Feral Kizzy „Slick Little Girl“

Feral-Kizzy-Slick-Little-Girl-Cover-300x300[rating=2] Nostalgisch und trotzdem aktuell

Debbie trifft Patti am Strand von Kalifornien nach Einbruch der Dunkelheit. Jeder, der Platten von „Blondie“ oder Großmama Patti Smith kennt, fühlt sich im Sound von „Slick Little Girl“ sofort zu Hause. Die Gnade der späten Geburt entpuppt sich somit manchmal als Fluch, denn wer will schon klingen und singen wie die Mütter? Daher peppen Feral Kizzy ihren Sound hin und wieder mit aktuellen Einflüssen auf, aber die Basis bilden doch die Klänge der beiden oben erwähnten Damen. Das muss nicht schlecht sein, denn schließlich hat das Gute Bestand.

Da sich die aktuelle Popmusik ohnehin seit längerem in einem ‚Post-Irgendwas‘-Zustand befindet, ist der Rückgriff auf den charmanten Pop Debbie Harrys oder die poetisch-trunkene Geste von Patti Smith sicher nicht die schlechteste Wahl. Folgerichtig sind die zehn Songs des Debüt-Albums der Kalifornier dynamisch, eingängig und überwiegend unterhaltsam. Man macht nichts verkehrt, wenn man mit dem dritten Song beginnt, bei dem sich die Qualitäten, aber auch die kreativen Grenzen der jungen Band deutlich zeigen. „The Way We Are“ gefällt trotzdem, weil es ein munterer Popsong mit eingängiger Melodie ist. Schwieriger wird es bei Songs wie „Lament“ oder „Not my Mind“. Denn auch wenn diese das erprobte Rock-Schema nicht wirklich verlassen, hört man, daß die stimmliche Qualität von Sängerin Kizzy Kirk schnell am Limit ist. Sie wird dann leicht heiser und schrill; aber die Vorbilder waren ja auch keine Stimmwunder. In „The Dinosaur“ fühlt man sich – noch ein Einfluss – an den Gesang und den bisweilen unerbittlichen Frohsinn der „B 52’s“ erinnert, jedoch fehlt der männliche Counterpart. Bei Feral Kizzy schweigen die Männer und die Frauen haben das Mikro erobert.

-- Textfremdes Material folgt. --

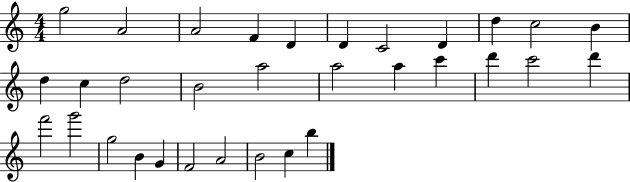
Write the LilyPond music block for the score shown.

{
  \clef treble
  \numericTimeSignature
  \time 4/4
  \key c \major
  g''2 a'2 | a'2 f'4 d'4 | d'4 c'2 d'4 | d''4 c''2 b'4 | \break d''4 c''4 d''2 | b'2 a''2 | a''2 a''4 c'''4 | d'''4 c'''2 d'''4 | \break f'''2 g'''2 | g''2 b'4 g'4 | f'2 a'2 | b'2 c''4 b''4 | \break \bar "|."
}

Alles in allem ist Feral Kizzy mit „Slick Little Girl“ ein über weite Strecken unterhaltsames Album gelungen. Den Preis für das hässlichste Cover des Monats gewinnen sie obendrein, aber bei all der musikalischen Nostalgie darf ein wenig Schockästhetik durchaus sein. Wenn sich dann noch einer der drei Männer getrauen würde zu singen, wäre das möglicherweise ein Gewinn – für die Ohren der Hörer und für Ms. Kizzys Stimmbänder.